**Input data**:
--

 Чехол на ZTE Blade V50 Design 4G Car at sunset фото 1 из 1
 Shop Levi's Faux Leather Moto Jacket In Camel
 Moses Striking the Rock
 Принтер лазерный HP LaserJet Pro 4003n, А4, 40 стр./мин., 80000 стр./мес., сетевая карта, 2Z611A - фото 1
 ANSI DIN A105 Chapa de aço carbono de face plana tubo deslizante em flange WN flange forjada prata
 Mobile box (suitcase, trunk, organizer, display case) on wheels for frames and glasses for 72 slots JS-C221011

--

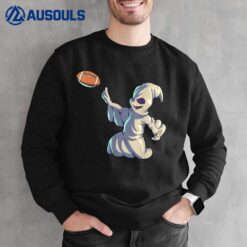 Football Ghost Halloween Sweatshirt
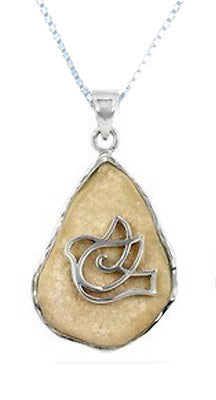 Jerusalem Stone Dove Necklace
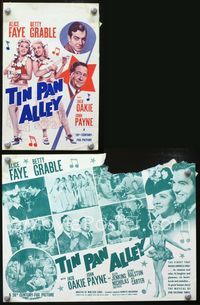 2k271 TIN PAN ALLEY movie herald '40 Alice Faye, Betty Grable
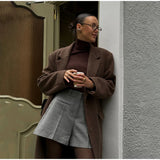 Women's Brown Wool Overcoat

--

**What you have to do**: Within the material above, output exactly the lines from the one with "Shop Levi's Faux" through the one with "Mobile box (suitcase, trunk, organizer, display", end lines included, and nothing besides.

**Task result**:
 Shop Levi's Faux Leather Moto Jacket In Camel
 Moses Striking the Rock
 Принтер лазерный HP LaserJet Pro 4003n, А4, 40 стр./мин., 80000 стр./мес., сетевая карта, 2Z611A - фото 1
 ANSI DIN A105 Chapa de aço carbono de face plana tubo deslizante em flange WN flange forjada prata
 Mobile box (suitcase, trunk, organizer, display case) on wheels for frames and glasses for 72 slots JS-C221011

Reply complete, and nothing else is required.